Lo que va de Tamames a Belarra

¡No la «sacan guapa»! ¡Pobre Ione! Muchas cosas habíamos visto. Pero un bochorno así era excesivo. Incluso para nuestra tan abochornarte política

Actualizada 01:30

Hace tres días, entrevistada por la muy acariciante Radio Nacional de España, la «ministra de Derechos Sociales y Agenda 2030» desvelaba la clave de una secreta conspiración golpista contra su Gobierno, que es, más bien, un golpe de Estado dentro de su Gobierno y aun dentro de su secta. Palabra de Ione Belarra: «Nunca me sacan guapa en las fotos». ¡Alarma antifascista!

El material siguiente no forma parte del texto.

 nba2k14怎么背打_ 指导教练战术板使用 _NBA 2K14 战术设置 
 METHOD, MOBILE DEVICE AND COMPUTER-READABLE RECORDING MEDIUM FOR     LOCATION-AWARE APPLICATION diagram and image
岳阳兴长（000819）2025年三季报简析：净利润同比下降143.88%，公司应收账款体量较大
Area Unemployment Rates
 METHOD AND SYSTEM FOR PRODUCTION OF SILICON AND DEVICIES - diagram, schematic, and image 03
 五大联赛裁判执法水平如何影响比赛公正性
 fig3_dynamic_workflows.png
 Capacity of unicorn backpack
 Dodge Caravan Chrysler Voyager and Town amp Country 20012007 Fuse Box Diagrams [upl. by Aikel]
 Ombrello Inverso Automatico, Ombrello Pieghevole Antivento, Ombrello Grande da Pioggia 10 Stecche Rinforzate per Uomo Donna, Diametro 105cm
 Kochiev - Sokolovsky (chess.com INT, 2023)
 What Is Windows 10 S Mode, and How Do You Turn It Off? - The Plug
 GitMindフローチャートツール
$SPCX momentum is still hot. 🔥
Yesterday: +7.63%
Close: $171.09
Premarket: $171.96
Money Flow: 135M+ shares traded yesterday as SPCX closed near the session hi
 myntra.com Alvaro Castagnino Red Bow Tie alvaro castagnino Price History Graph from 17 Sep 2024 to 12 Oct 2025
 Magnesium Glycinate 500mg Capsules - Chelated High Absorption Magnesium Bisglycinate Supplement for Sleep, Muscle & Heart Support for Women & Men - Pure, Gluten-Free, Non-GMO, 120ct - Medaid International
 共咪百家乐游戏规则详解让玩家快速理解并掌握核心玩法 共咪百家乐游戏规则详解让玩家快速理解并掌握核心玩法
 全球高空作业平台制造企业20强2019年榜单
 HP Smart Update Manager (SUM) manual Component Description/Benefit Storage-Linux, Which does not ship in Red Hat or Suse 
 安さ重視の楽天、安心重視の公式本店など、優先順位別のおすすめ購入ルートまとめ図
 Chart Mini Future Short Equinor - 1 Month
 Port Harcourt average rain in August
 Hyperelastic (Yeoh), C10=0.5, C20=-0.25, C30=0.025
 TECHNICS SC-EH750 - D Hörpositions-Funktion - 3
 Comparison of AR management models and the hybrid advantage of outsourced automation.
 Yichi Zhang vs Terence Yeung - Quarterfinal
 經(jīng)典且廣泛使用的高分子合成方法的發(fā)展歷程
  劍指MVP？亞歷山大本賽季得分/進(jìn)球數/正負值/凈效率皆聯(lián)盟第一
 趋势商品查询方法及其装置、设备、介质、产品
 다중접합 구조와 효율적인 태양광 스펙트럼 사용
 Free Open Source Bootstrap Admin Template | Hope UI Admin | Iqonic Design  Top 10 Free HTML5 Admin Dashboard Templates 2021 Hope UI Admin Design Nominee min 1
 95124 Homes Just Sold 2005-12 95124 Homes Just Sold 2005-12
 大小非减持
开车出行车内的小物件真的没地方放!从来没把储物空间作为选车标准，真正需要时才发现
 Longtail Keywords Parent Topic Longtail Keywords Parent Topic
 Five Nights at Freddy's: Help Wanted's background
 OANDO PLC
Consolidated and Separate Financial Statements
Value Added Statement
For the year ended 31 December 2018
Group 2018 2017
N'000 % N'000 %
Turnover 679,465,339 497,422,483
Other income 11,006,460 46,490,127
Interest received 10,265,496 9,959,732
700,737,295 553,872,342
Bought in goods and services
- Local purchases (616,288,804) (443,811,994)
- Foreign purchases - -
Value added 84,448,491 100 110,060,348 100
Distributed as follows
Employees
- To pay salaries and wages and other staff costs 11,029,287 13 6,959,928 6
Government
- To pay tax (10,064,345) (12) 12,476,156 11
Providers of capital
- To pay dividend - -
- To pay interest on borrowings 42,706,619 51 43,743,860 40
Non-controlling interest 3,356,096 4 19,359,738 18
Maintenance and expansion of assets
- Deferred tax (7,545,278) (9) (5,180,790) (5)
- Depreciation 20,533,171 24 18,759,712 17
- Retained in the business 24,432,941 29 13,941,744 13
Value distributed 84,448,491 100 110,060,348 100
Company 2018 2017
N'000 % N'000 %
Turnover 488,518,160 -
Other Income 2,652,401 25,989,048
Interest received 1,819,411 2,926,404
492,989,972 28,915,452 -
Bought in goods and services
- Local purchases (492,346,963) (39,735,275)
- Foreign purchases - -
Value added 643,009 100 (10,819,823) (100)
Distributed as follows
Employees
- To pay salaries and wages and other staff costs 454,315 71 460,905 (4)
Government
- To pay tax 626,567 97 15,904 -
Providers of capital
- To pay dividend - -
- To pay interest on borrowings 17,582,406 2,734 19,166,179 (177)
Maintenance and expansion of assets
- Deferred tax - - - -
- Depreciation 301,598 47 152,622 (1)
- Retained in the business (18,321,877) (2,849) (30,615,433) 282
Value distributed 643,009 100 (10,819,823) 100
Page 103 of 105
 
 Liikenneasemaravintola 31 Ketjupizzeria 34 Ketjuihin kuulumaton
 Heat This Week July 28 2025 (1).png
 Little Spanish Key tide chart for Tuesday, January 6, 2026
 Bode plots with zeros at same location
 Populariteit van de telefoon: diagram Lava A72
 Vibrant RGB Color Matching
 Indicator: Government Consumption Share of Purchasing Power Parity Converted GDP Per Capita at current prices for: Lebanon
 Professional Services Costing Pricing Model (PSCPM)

Ése fue el preciso instante en el cual mis dudas sobre la moción de censura de Tamames contra el patio de recreo de la Carrera de San Jerónimo se disiparon. Confieso que he sido lento en entenderlo. Pero, tras la revelación de la ministra Belarra, no me quedan ya dudas: en el reino del guapo primer ministro, no salir como salía Marlene Dietrich en las fotos de von Sternberg es, no hay duda, estar siendo el objeto de una conspiración, más que fascista, diabólica. Que un nonagenario feo se haya atrevido a llamar idiotas a los del cantarín coro de criaturas en torno a un doctor cum fraude, es una ofensa mucho más que odiosa.

Fue ambigua, sin embargo, mi primera sensación ante aquel espectáculo del sabio en el zoológico. Lo que Tamames contemplaba ante sí, en aquel extraño pleno del Congreso, tenía que desconcertarlo. Y que desconcertarnos a todos. Una asamblea de infantes, ayunos de toda literatura y aun de toda sintaxis: a eso se reducía todo. Y en ese todo se apocopaba la historia reciente de nuestro país, de nuestro pobre país. Y sí, nunca en este medio siglo fue demasiado ilustrado nuestro Parlamento, es cierto. Pero hasta un par de caraduras como González y Guerra parecerían Aristóteles frente al revuelto parvulario, al cual tuvo que enfrentarse –y ante el cual hubo de contener la risa– el jubilado catedrático de la Complutense.

Presidía el batiburrillo un doctor plagiario, que traía de casa, ya mecanografiadas, las respuestas que su interpelante aún no le había formulado. Claro que, para robar esas preguntas, ya estaban los servicios de seguridad del Estado. Y, para responderlas, la batahola de asesores con sueldo prominente. Traca final: una señora hilarantemente disfrazada de modelo de pasarela nupcial pasada de kilos, de cuya vicepresidencia «salen leyes chulísimas» por todas partes, desbarró, entre amorosa y «cuqui», durante treinta minutos.

El profesor se rio de ambos. Silenciosa y amargamente, por supuesto. Que es como se ríen las personas educadas. No podía hacer otra cosa. El que con niños discute merece condenación eterna. Por eso, Tamames no discutió: no se pierde así el tiempo con tipos a los que hubieras suspendido ad aeternum en el más elemental examen de primero de carrera. O, más bien, seamos justos, en el de entrada al kindergarten.

El efecto –tal vez no nos dimos plena cuenta entonces, de puro bestia que resultaba– fue devastador. El rey estaba bastante peor que desnudo: era un asco, un asco en el límite mismo de lo vomitivo. Un asco tan solo superado por aquella virreinona chupi, venga de hacer y decir «cosas chulísimas» sin que del áureo casco de laca bien teñido se le soltase un rizo.

Un mes después, la resonancia de aquello se revela devastadora. Aun para el menos entusiasta de la política: yo, por ejemplo. Bastó poner la mirada de un adulto delante, para que todo el invento del actual parlamento español exhibiese su insoportable ridículo: el de una pandi de menores de edad mental, que han legislado los más descacharrantes disparates que quepan en una comedia extrema de los Monty Python, al servicio de un jefe sin escrúpulos.

¡No la «sacan guapa»! ¡Pobre Ione! Muchas cosas habíamos visto. Pero un bochorno así era excesivo. Incluso para nuestra tan abochornarte política. Es duro reconocer que lo que habíamos llamado democracia se culminaba en estafa: fraude que regocija a infantes malcriados. No es el poder, idiotas. Es la fotografía.